2. Forbid punishment of students for “bad” behavior. That frees the students from the tyranny of arbitrary punishment.
3. Increase the enforcement of political correctness in speech, textbooks, behavior, and thought. That way students can not only learn but also become better citizens.
(Kudos to TrooperYork !!!!)
The only answer is to throw more money down the rathole of public education and raise the salaries and pension benefits of unionized teachers. That should solve the problem right there.
All the “spend more money” answers seem to end up the same way. Government workers and crony consultants of one ilk or the other get all the money, and a few years later, you still have the same problem or worse. . . sooo the cries for more money for education go out again. Rinse and repeat.
Squeeky Fromm
Girl Reporter
jonathanturley: “we should look at our bizarre priorities in sending hundreds of billions in places like Afghanistan and Iraq while our educational system continues to decline.”
I agree the dollar amount we’ve spent in the War on Terror has been startlingly high. However, when understood in context as a percent of GDP (about 1%), the dollar figure we’ve spent in that area is much less of a shock.
Which is to say, while opportunity cost is always an easy and irrefutable point for you to make, high spending in one area like the War on Terror does not automatically mean we’ve underfunded another area like education.
Bob Long: “Missing from the article: Paterson, NJ per-pupil spending, 2012-2013 was $20,454.”
If Bob Long’s cited Paterson $ figure is correct, then Paterson, NJ is actually spending an exceptionally high amount per-pupil. For context, the US is among the top spenders, perhaps even the top spender, on education in the world.
While this CBS News article is from July 2013, I don’t believe the apples-to-apples comparison is stale.

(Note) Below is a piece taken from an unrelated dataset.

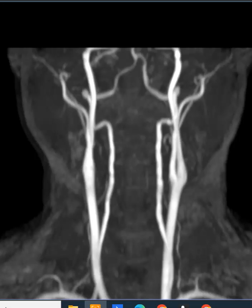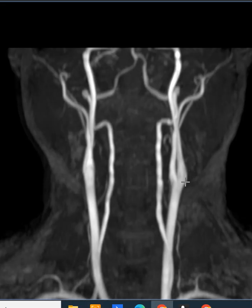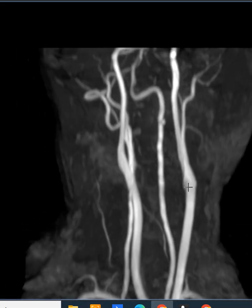Hello, this is Dr. Gay from First Sick MRI, and this is a patient who had a normal MRA of the blood vessels of the neck. An MRA is magnetic resonance angiography.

U.S. education spending tops global list, study shows:
http://www.cbsnews.com/news/us-education-spending-tops-global-list-study-shows/
Professor Turley poses a zero-sum frame that falsely implies funding for the War on Terror has caused underfunding of our educational system. In fact, the American educational system is sufficiently-to-well funded, not underfunded.
Professor Turley does a disservice by distracting attention from actual causes of lagging student performance with his focus on funding when, in fact, funding is not the cause of the problem.

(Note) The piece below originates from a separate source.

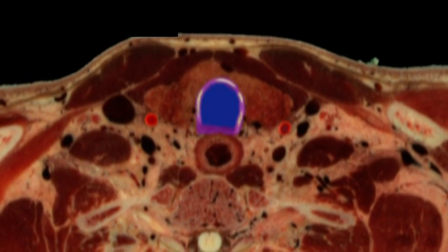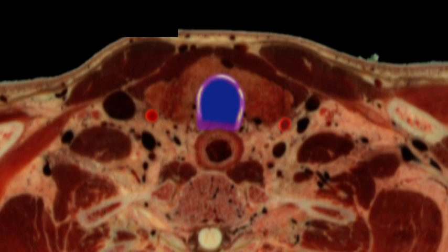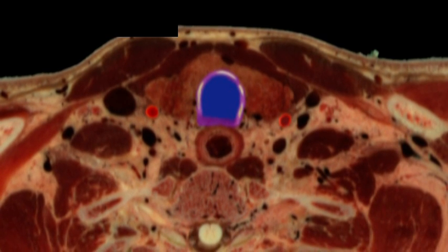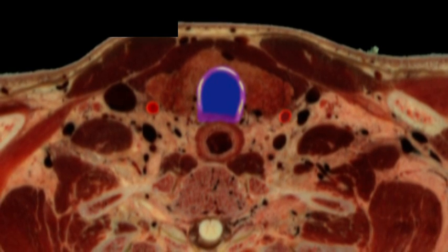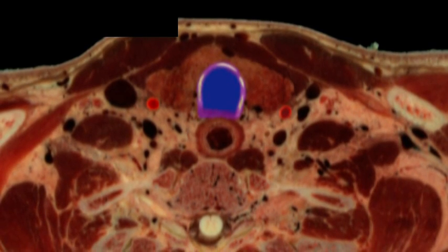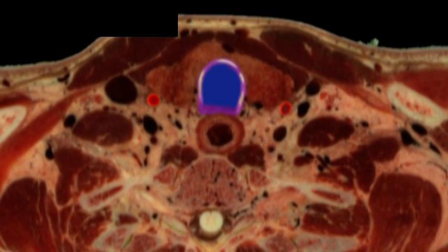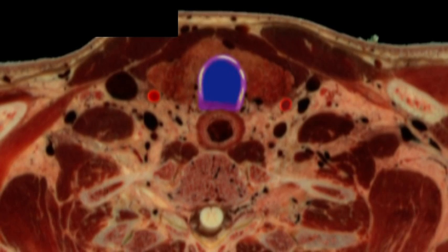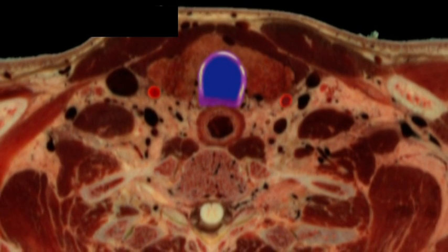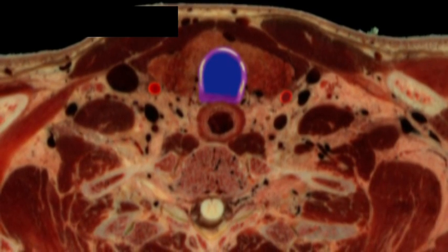Look carefully at these images from the thyroid gland in the VH Dissector cadaver. Notice that the right lobe is inhomogeneous compared to the left.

Rather, disappointing ROI in Iraq and Afghanistan nation-building, and Paterson student performance reaffirm the age-old parental wisdom that money, while a significant factor, is not a panacea.

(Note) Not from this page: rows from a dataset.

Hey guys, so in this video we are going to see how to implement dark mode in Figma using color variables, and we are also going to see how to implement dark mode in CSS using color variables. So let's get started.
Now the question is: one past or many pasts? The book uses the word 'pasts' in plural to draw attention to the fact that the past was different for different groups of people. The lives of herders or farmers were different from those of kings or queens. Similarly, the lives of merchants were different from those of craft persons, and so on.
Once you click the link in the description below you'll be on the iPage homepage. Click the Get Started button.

At this point, funding for our education system is sufficient. I suggest, in order to really help the students of Paterson, NJ and elsewhere in America, Professor Turley ought to consult his EdLaw colleagues at GWU and use this platform to draw attention to political conditions, organization, method, structure, training, and other factors detrimentally affecting American pedagogy, and family culture and other individual and social causes that are pulling down the ROI for the high $ amount we are now spending per-pupil in Paterson, NJ and America.
Simply throwing more money at the problem when funding is already sufficient is a shallow proposal that won’t help students perform better and distracts the attention needed to solve the actual causes of the problem.
I’m working on a MBA right now and the classes are all online. They are much harder than in class. I’m like you Paul I would rather go to class and ask questions. That being said the worlds information is a click away. You can learn an amazing number of things like advanced math just on YouTube alone. Also online you get one on one help if you need it via chat or video conferencing.
Rio – I like to develop relationships with my teachers. If I like them, I do the work, if I do not like them, I do not do the work. I cannot build a relationship with my computer anymore than I can build a relationship with my TV.